**Data block**
▼
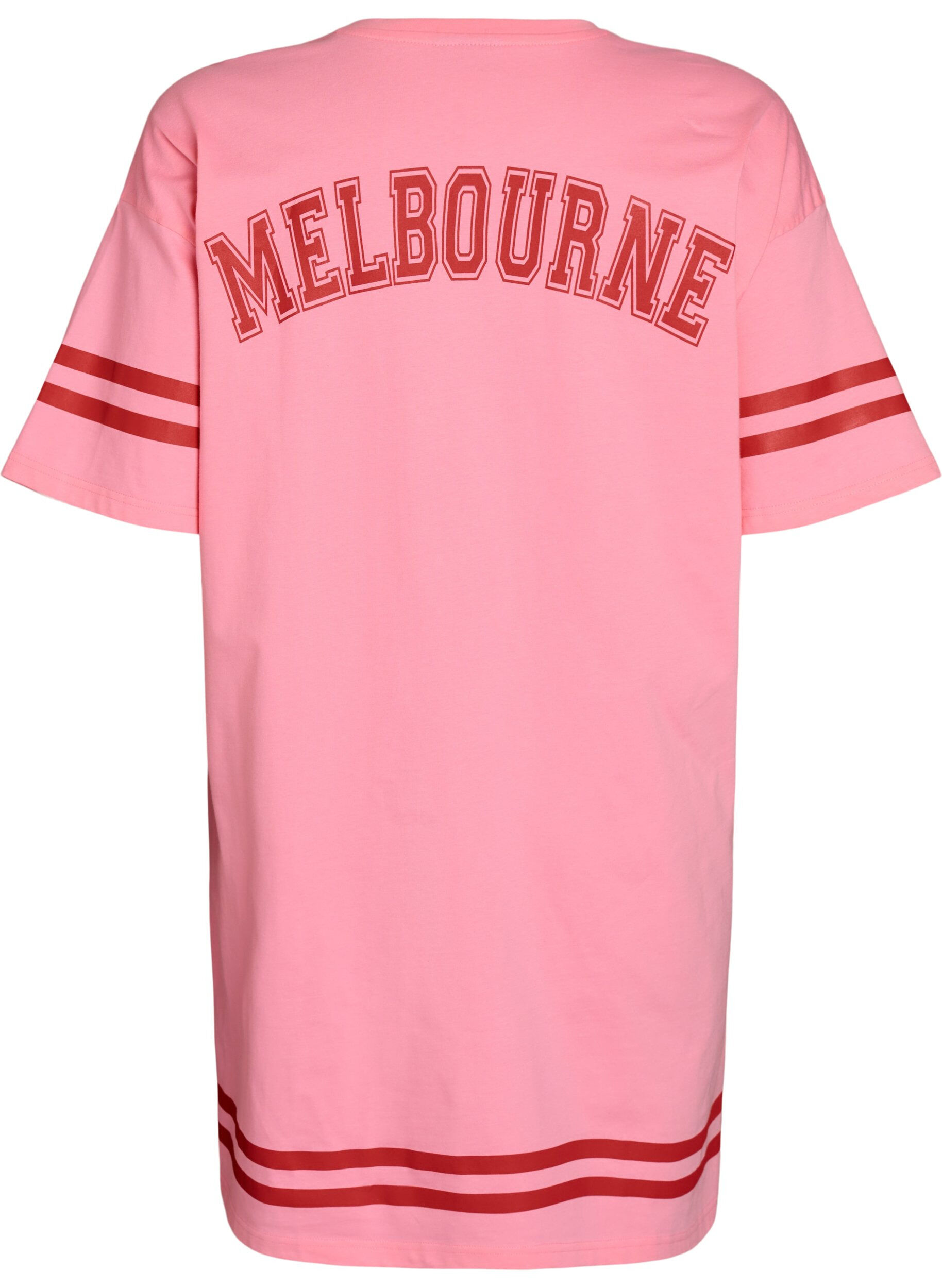 Zizzifashion Short T-shirt dress with sporty details, Pink, Packshot image number 1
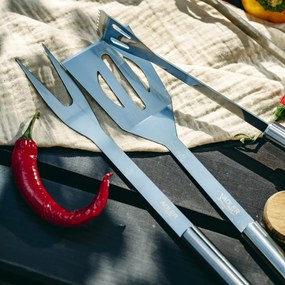 Set ustensile pentru gratar Adler AD 6729, 4 piese, Otel inoxidabil, Carcasa din aluminiu, Orificii de agatare, Argintiu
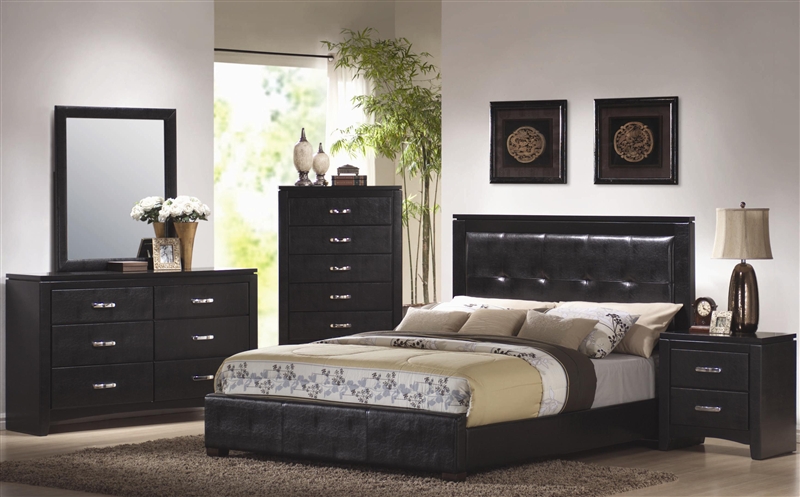 Dylan 6 Piece Bedroom Set In Black Finish With Black Vinyl Upholstery By Coaster 201401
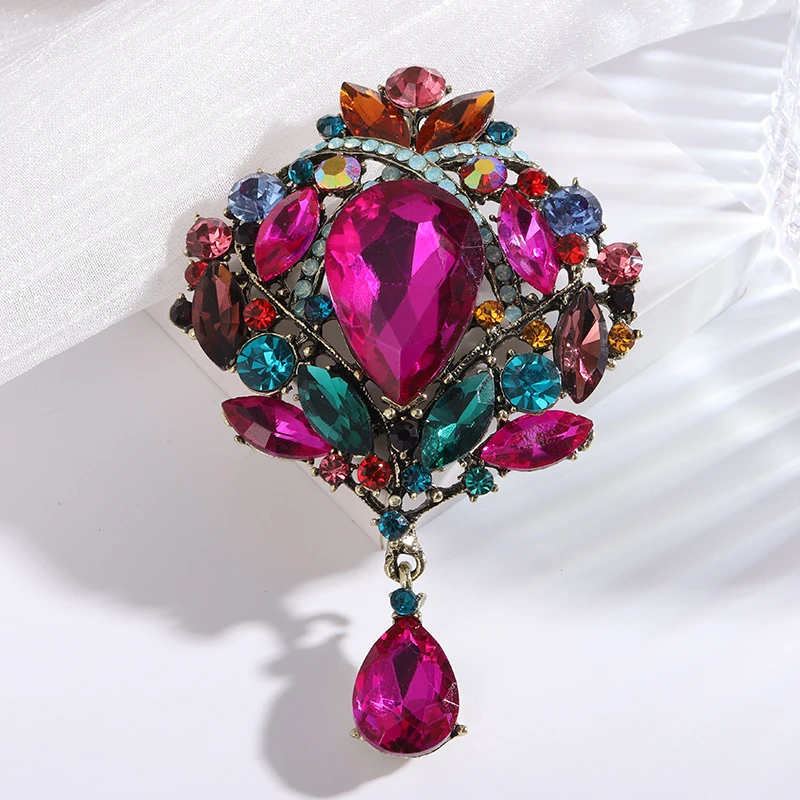 Dmari Women Brooch Multicolor Water-Droplets Lapel Pins Large Rhinestone Badge Gorgeous Wedding&Party Accessories Luxury Jewelry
▲
**Task details**
Set the whole listing down again unchanged, apart from the pictures, which are omitted.

**Written reply**
 Zizzifashion Short T-shirt dress with sporty details, Pink, Packshot image number 1
 Set ustensile pentru gratar Adler AD 6729, 4 piese, Otel inoxidabil, Carcasa din aluminiu, Orificii de agatare, Argintiu
 Dylan 6 Piece Bedroom Set In Black Finish With Black Vinyl Upholstery By Coaster 201401
 Dmari Women Brooch Multicolor Water-Droplets Lapel Pins Large Rhinestone Badge Gorgeous Wedding&Party Accessories Luxury Jewelry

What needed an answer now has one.